For the listing below, output exactly the lines from the line with "Bild des Verkufers" up to and including the line with "AGUA SE AGOTA", and no other lines.
Provided information below:
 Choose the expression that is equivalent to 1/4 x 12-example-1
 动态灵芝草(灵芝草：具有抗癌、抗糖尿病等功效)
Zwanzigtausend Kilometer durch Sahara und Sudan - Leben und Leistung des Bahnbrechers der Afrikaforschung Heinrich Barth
End of Provided information.
Provided information below:
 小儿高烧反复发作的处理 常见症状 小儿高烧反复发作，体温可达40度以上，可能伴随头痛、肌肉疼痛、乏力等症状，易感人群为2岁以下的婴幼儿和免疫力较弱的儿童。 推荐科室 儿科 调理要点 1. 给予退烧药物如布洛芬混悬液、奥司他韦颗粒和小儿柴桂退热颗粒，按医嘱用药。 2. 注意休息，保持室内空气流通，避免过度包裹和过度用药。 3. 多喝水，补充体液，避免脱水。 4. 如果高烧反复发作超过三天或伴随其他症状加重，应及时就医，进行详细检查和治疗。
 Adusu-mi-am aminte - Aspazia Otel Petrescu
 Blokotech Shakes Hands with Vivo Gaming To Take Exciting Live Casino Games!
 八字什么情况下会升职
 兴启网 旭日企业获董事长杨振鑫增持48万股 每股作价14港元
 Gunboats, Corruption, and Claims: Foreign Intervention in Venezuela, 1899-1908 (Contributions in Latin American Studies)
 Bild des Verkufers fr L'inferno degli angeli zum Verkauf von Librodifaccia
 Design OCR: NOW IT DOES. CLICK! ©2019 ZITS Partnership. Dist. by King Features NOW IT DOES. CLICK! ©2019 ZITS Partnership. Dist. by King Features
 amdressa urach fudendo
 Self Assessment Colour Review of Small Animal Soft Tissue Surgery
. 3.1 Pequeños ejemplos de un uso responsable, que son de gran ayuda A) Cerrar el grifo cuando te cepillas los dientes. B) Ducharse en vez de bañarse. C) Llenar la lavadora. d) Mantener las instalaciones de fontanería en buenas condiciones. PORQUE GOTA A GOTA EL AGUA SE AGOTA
End of Provided information.
Provided information below:
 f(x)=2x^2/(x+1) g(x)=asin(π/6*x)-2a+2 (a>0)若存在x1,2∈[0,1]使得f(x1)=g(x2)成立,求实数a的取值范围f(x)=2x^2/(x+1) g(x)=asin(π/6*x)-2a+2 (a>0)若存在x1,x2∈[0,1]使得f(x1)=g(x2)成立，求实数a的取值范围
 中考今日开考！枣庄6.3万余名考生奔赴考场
End of Provided information.
*Answer section:*
 Bild des Verkufers fr L'inferno degli angeli zum Verkauf von Librodifaccia
 Design OCR: NOW IT DOES. CLICK! ©2019 ZITS Partnership. Dist. by King Features NOW IT DOES. CLICK! ©2019 ZITS Partnership. Dist. by King Features
 amdressa urach fudendo
 Self Assessment Colour Review of Small Animal Soft Tissue Surgery
. 3.1 Pequeños ejemplos de un uso responsable, que son de gran ayuda A) Cerrar el grifo cuando te cepillas los dientes. B) Ducharse en vez de bañarse. C) Llenar la lavadora. d) Mantener las instalaciones de fontanería en buenas condiciones. PORQUE GOTA A GOTA EL AGUA SE AGOTA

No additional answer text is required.